A few years ago my nephew and I went out toward the Edge in big seas, early May. It was his last day in P'cola so we were dedicated...

Stopped at a couple buoys for bait. At one there was a nice Cobia. He was driving, so I dropped the bait rod and hooked on a small blue crab we got from my trap. FISH ON!!!

Well 30 minutes later he spits the hook.

DANG!!!

We motor back to the buoy and guess what, there he is AGAIN... Drop another crab and BANG, he's on... 20 minutes later a 40 pounder is in the boat....

We head south. 2 hours later we anchor up on the Edge, put out a couple flat lines.. then dropped down for Mingo's. 5 minutes later a 60# Cobia shows up at the back of the boat like a puppy looking for a hand out.
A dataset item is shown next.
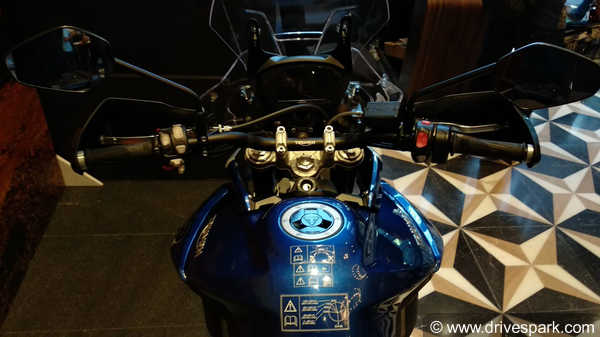 പുത്തന്‍ ട്രയംഫ് ടൈഗര്‍ 800 ഇന്ത്യയില്‍; വില 11.76 ലക്ഷം രൂപ മുതല്‍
My nephew, very purposely and carefully tries to tie bare a hook onto a Cobia Rod so as to present a near naked bait. In the mean time, I real up my Mingo rig with a 3 ounce weight, swivel, 4 feet of 40 # leader, circle hook and a small piece of squid. I literally dip it in front of the lost puppy, nee Cobia, and he swallows it. Twenty minutes later, MY second Cobia of the day. 60 pounds!

My nephew STILL does not forgive me...

LUCKY, but ALWAYS have an extra rod rigged for a quick live bait up here in the summer.

Jim


----------



## bcahn (Jan 10, 2013)

Way to go Capt!


----------